The Vuong family was led by Vuong Chinh Duc. He ruled from 1865-1947 in an empire stretching as far as from the province’s Dong Van Plateau to Meo Vac Town. The massive production and cross-border trade of opium back then made him the richest and most powerful man in the area. And to protect his reign, that’s when he built the Vuong Palace. Covering an area of 1,120 square meters in Sa Phin Commune, Dong Van District, the mansion was designed with Chinese architecture and interior and surrounded by 700 century-old trees to keep it hidden and protected from enemies.

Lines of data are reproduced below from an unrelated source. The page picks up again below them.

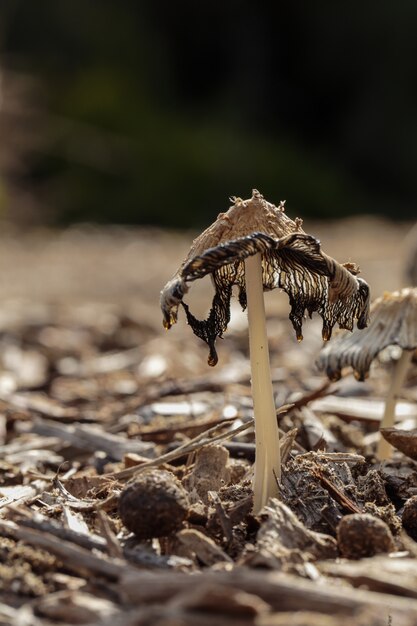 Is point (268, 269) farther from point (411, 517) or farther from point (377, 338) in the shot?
point (411, 517)

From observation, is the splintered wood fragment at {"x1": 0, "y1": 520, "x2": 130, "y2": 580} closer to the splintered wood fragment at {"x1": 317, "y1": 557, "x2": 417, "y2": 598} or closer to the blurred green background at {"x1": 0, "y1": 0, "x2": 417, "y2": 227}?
the splintered wood fragment at {"x1": 317, "y1": 557, "x2": 417, "y2": 598}

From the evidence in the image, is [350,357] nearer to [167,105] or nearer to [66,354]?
[66,354]

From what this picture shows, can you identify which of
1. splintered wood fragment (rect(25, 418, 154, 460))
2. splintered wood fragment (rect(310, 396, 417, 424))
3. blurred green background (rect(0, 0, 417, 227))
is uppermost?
blurred green background (rect(0, 0, 417, 227))

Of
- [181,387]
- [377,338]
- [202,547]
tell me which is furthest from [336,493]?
[181,387]

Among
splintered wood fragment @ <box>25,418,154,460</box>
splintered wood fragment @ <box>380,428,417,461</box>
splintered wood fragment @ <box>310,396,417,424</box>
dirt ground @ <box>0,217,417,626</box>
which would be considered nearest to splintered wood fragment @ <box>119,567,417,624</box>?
dirt ground @ <box>0,217,417,626</box>

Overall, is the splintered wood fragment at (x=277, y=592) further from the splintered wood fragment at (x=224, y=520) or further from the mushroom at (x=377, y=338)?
the mushroom at (x=377, y=338) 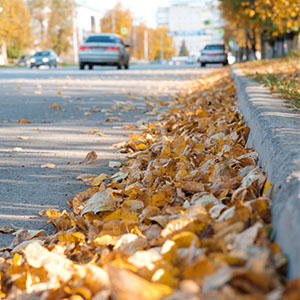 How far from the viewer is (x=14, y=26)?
2386 inches

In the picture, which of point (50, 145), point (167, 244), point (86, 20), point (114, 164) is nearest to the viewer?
point (167, 244)

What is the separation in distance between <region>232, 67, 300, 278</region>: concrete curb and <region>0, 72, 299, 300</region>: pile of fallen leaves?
5cm

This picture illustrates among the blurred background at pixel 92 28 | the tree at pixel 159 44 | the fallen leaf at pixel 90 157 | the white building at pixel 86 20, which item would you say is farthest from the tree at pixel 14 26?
the tree at pixel 159 44

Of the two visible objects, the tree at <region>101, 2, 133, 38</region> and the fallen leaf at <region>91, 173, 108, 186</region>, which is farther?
the tree at <region>101, 2, 133, 38</region>

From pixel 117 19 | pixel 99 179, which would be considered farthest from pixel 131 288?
pixel 117 19

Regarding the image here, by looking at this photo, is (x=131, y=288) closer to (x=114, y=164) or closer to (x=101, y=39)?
(x=114, y=164)

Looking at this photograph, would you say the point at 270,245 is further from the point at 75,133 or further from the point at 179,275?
the point at 75,133

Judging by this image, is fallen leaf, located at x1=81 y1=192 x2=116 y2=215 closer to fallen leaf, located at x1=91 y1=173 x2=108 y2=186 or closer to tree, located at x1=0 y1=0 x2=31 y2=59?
fallen leaf, located at x1=91 y1=173 x2=108 y2=186

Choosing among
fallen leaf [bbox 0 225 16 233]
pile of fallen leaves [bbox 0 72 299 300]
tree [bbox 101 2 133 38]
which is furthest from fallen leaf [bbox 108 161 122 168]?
tree [bbox 101 2 133 38]

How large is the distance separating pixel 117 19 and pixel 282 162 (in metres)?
95.9

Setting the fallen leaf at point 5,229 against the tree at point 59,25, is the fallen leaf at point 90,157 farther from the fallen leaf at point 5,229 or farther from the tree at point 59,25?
the tree at point 59,25

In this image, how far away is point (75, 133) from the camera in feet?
19.2

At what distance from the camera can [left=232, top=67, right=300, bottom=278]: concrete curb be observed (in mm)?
1518

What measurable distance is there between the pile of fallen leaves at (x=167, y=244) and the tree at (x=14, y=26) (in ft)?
177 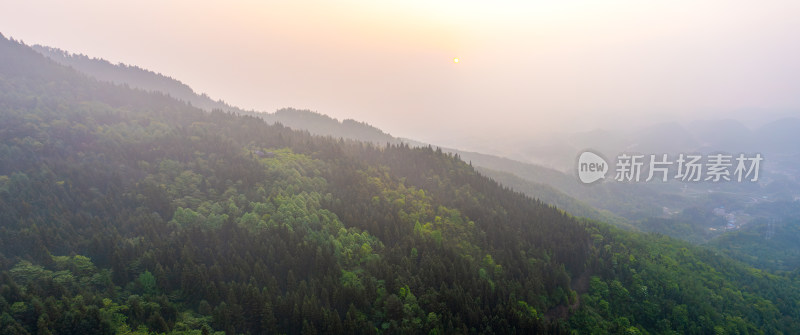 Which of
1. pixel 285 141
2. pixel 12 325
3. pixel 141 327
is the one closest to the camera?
pixel 12 325

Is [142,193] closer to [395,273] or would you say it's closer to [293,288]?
[293,288]

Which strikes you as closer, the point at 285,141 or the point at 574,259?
the point at 574,259

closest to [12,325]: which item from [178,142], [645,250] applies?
[178,142]

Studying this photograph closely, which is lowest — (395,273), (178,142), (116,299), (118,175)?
(116,299)

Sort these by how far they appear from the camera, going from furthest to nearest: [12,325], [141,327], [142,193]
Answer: [142,193]
[141,327]
[12,325]

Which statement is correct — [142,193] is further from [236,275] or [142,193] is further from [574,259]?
[574,259]

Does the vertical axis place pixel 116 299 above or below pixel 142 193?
below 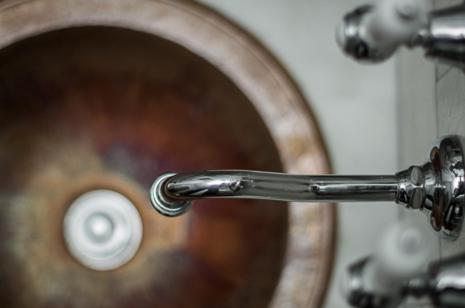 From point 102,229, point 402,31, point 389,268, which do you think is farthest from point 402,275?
point 102,229

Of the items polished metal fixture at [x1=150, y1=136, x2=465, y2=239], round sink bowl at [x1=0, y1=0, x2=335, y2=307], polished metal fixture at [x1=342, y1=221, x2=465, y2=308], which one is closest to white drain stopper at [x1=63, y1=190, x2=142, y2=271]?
round sink bowl at [x1=0, y1=0, x2=335, y2=307]

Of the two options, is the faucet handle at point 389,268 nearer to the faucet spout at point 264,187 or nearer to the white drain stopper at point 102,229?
the faucet spout at point 264,187

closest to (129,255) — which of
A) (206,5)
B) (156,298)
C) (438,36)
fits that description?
(156,298)

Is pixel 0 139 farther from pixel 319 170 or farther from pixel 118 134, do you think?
pixel 319 170

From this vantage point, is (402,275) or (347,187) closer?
(402,275)

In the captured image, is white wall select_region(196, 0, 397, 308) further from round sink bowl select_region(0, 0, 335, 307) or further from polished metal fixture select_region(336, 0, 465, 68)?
polished metal fixture select_region(336, 0, 465, 68)

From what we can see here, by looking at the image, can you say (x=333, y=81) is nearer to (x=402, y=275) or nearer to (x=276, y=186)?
(x=276, y=186)
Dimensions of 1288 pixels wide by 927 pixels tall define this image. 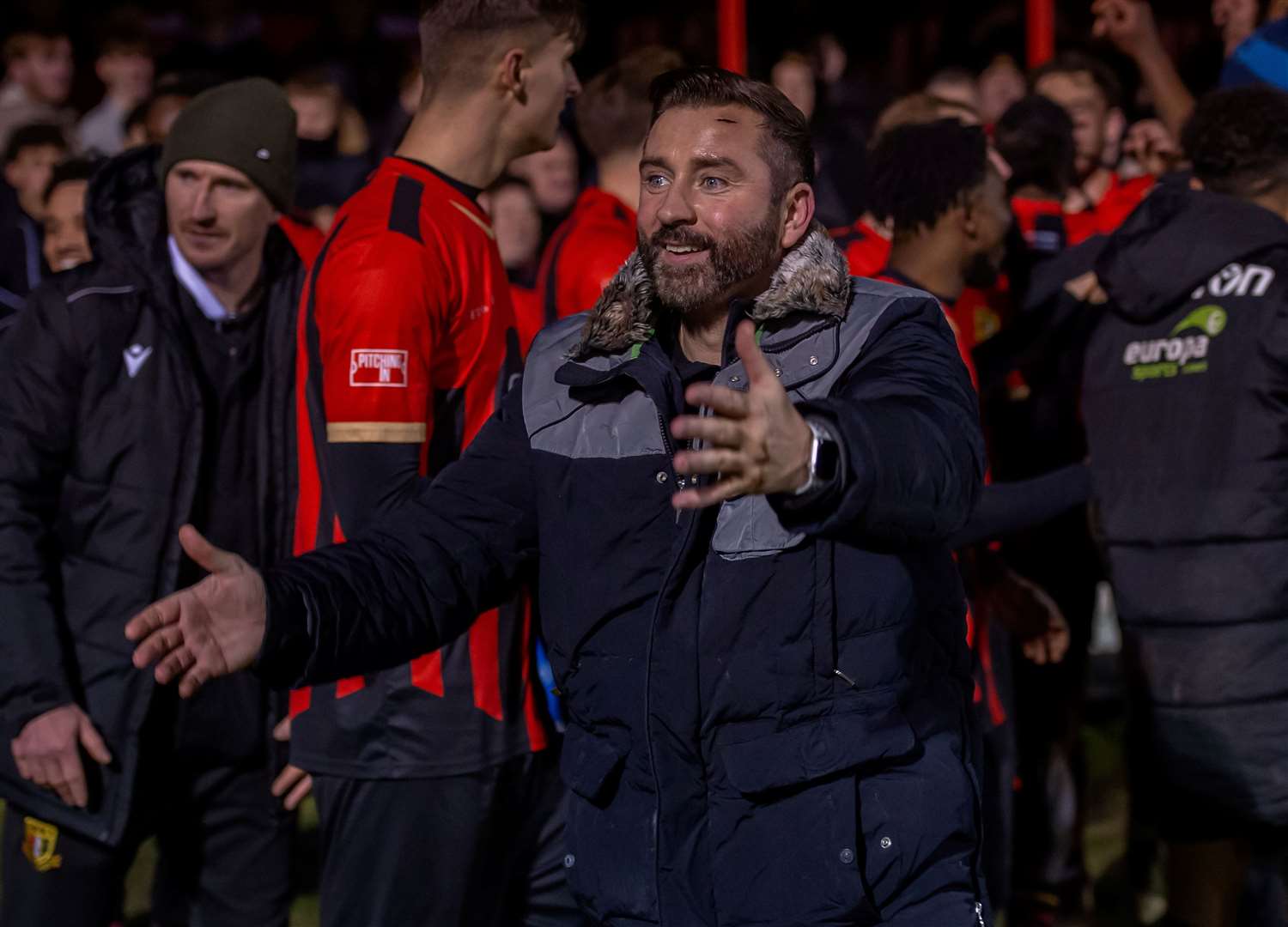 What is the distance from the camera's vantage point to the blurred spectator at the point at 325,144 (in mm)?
7586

Vuong Palace took eight years to build. 200 skilled construction workers from China’s Yunnan province (bordering Vietnam) labored on the massive residence which became home to the king, his three wives and four sons. The palace cost 150,000 silver coins to make, or an equivalent of VND150 billion (US$7.5 million) today.
Vua Meo (the other name for Vuong Palace) looks very similar to royal residences in China during the Qing Dynasty three to four centuries ago with its stone, valuable wood, terracotta tiles and two-story structure. The living room has a horizontal lacquered board engraved with Chinese characters given by the king of the ruling Nguyen Dynasty then. Each 64 rooms of the palace is decorated with carvings of dragons, phoenixes and bats, symbols of strength, royalty and prosperity, respectively.

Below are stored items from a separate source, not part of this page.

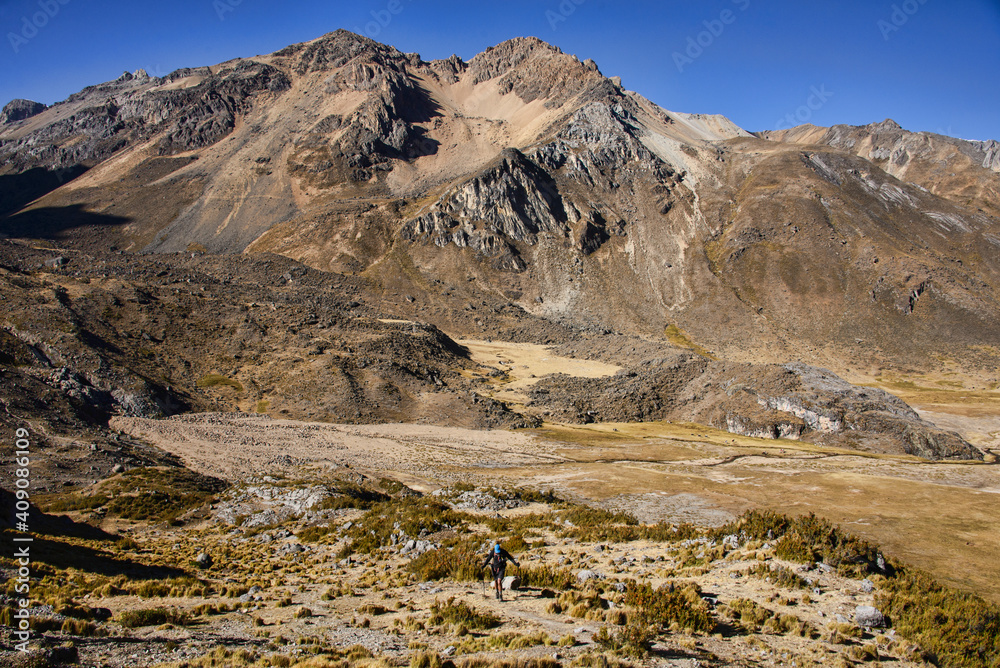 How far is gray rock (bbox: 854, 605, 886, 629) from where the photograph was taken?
13508 millimetres

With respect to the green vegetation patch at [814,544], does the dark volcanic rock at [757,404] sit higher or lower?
higher

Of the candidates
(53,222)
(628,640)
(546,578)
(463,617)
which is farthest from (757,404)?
(53,222)

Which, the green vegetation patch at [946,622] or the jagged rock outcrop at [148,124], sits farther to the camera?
the jagged rock outcrop at [148,124]

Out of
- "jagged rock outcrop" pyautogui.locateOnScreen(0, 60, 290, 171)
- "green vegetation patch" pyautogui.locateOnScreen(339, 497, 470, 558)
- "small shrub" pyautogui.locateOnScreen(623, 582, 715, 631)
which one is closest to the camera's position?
"small shrub" pyautogui.locateOnScreen(623, 582, 715, 631)

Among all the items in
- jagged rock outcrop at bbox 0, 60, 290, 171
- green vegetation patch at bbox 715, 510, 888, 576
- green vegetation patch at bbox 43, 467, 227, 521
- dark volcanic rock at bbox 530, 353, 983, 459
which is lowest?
green vegetation patch at bbox 43, 467, 227, 521

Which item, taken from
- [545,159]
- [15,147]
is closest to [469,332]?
[545,159]

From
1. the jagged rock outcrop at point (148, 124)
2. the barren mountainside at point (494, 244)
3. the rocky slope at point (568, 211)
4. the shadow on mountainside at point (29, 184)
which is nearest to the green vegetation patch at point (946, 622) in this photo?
the barren mountainside at point (494, 244)

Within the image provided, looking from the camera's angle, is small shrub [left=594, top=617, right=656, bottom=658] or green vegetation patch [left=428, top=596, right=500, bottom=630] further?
green vegetation patch [left=428, top=596, right=500, bottom=630]

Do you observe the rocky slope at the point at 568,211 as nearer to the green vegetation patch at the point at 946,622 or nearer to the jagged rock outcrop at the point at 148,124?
the jagged rock outcrop at the point at 148,124

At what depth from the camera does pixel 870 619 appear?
1352 centimetres

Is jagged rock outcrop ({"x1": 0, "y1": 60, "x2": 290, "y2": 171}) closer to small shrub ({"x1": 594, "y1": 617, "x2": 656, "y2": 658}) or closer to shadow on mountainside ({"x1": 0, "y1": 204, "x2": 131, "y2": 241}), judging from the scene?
shadow on mountainside ({"x1": 0, "y1": 204, "x2": 131, "y2": 241})

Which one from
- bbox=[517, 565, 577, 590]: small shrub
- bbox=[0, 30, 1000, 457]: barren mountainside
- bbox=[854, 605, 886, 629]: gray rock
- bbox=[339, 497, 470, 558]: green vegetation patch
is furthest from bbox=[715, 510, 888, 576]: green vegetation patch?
bbox=[0, 30, 1000, 457]: barren mountainside

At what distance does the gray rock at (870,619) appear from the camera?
44.3 ft

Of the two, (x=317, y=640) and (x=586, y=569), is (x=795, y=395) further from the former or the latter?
(x=317, y=640) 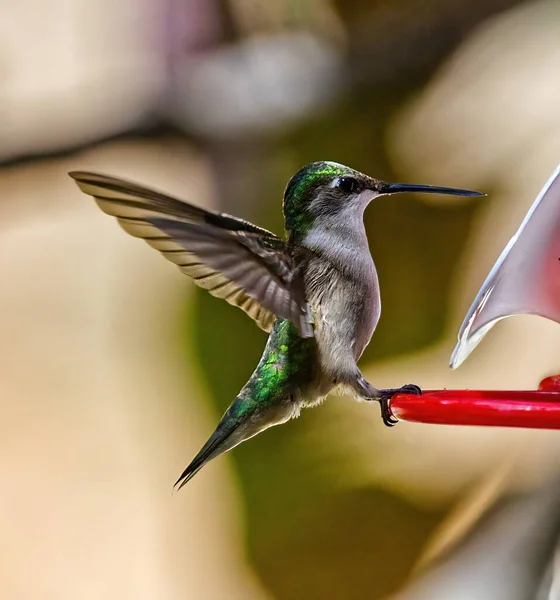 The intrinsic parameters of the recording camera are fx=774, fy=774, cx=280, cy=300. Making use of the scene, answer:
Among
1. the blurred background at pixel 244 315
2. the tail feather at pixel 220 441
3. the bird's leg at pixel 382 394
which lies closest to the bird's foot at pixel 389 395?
the bird's leg at pixel 382 394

Vuong Palace is also notoriously dubbed the “Opium Palace” because the whole place is filled with stone or wood engraved with poppy flowers and fruit patterns. In fact, the underground cellar on the left side of the mansion was designed purposely for storing opium. Other cellars in the palace were used to store food and weapons. In the backyard of the palace is a half moon-shaped stone bathtub where Chinh Duc’s first wife bathed in goat’s milk. According to local legend, Vua Meo (King Chinh Duc) forced local officials to give him goat every month to get milk for his wife’s bath. Around the palace is a big garden wherein the royal family planted pears, peaches and different kinds of fruit trees.
When King Vuong Chinh Duc died in 1947, his second son Vuong Chi Sinh took over the reign of the empire and dedicated the rest of his life fighting the French. Today, surviving members of the Vuong family still live near the area, working as caretakers and tour guides of the historical Vuong Palace.
The stone palace backs onto the mountainous borders with China while viewing Sa Phin market, where local minority people, mostly H’Mong, trade agricultural products.